1. Introduction

Compared with those of adults, pediatric thyroid nodules have molecular and pathological peculiarities that promoted the development of unique pediatric guidelines [1,2,3]. The prevalence of ultrasound-detected thyroid nodules varies from 0.5% [4] to 1.6% [5] in the child population. Although pediatric thyroid nodules are uncommon, they need high clinical expertise and alert since they carry a greater risk of malignancy compared with those presenting in adults (22–26% versus 5–10%) [1,6,7]. Moreover, children with thyroid cancer are more likely than adults to have cervical lymph node metastases, extrathyroidal extension, and pulmonary metastases at the time of diagnosis, as well as persistence/recurrence of disease [1].

Neck ultrasound (nUS) is the cornerstone of the clinical management of thyroid nodule in pediatric patients, as well as adults [8,9,10,11,12]. According to the American Thyroid Association (ATA) guidelines [1], sonographic evaluation of thyroid nodules in children should be modeled on 2009 ATA guidelines for adults [13]. However, when exploring thyroid nodules at nUS in childhood, some peculiar aspects should be kept in mind: first, the fact that the size is a rather questionable parameter in children because thyroid volume changes with age; second, increased intranodular vascularity is apparently more common in malignant nodules; third, a diffusely infiltrative form of papillary thyroid cancer (PTC) is relatively frequent; fourth, the clinical context is of paramount importance when interpreting sonographic features [1,14,15].

US-based risk stratification systems (RSSs), often referred to as Thyroid Imaging Reporting and Data Systems (TIRADSs), have been developed to establish a standard lexicon to describe thyroid nodules, to associate nodules with a malignancy risk class, and to detect malignant nodules requiring fine-needle aspiration (FNA) [16]. RSSs mainly apply to PTC [17], since they have a lower performance in the detection of follicular thyroid carcinoma [18], medullary thyroid carcinoma [19,20], anaplastic thyroid carcinoma [21], and autonomously functioning thyroid nodules [22]. Moreover, RSSs have been extensively validated in the adult population [23], but not in children [24] and older adults [25]. Yet, the clinical context of patients is not considered in RSSs, and whether a patient’s age can modify their reliability is a matter of debate [25].

Since single thyroid US features are not highly accurate predictors of benign or malignant etiology of thyroid nodules in children, and specific RSSs for pediatric thyroid nodules are lacking, the application of adult-based RSSs in the pediatric population could represent a step forward in the care of children and adolescents with thyroid nodules [6,8]. Specifically, exploring the reliability of RSSs in the management of pediatric nodules could serve to create standardized diagnostic algorithms for childhood aimed at increasing our ability to detect thyroid cancer early.

To our knowledge, few studies [11,24] evaluated the diagnostic performance of RSSs in malignancy risk stratification of pediatric thyroid nodules with discordant results, and further studies on this topic are mandatory [24].

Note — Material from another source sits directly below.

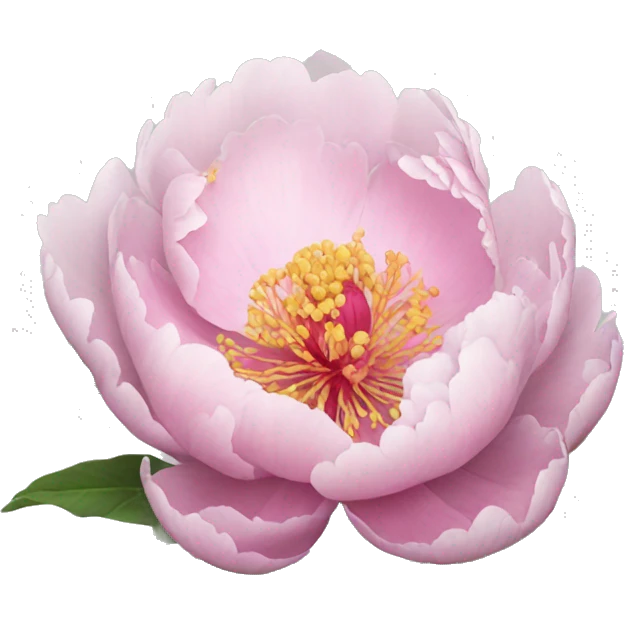 Peony emoji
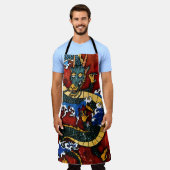 Tablier Dragon japonais (Porté)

Therefore, the current study was carried out to explore and compare the diagnostic performance of the main RSSs (i.e., the American College of Radiology (ACR) [26], European (EU) [27], Korean (K) [28] TI-RADSs and ATA US RSS criteria [29]) for detecting malignant thyroid lesions in pediatric patients, in terms of risk stratification and reliability in the indication for FNA.

2. Materials and Methods

2.1. Study Design and Patients

In the current study, the Standards for Reporting Diagnostic Accuracy (STARD) statement was followed [30]. Specifically, we conducted a retrospective analysis of consecutive children and adolescents who received a diagnosis of thyroid nodule at a single referral center (i.e., Division of Endocrinology and Metabolic Diseases, University of Campania “L. Vanvitelli”—Naples, Italy) from January 2017 to March 2021. We gathered information (i.e., demographic, laboratory, imaging, and pathological details) from medical records included in the hospital database of pediatric patients referred to our multidisciplinary team since they developed clinical manifestations suspicious for hypothyroidism or thyrotoxicosis or were investigated for palpable thyroid nodules.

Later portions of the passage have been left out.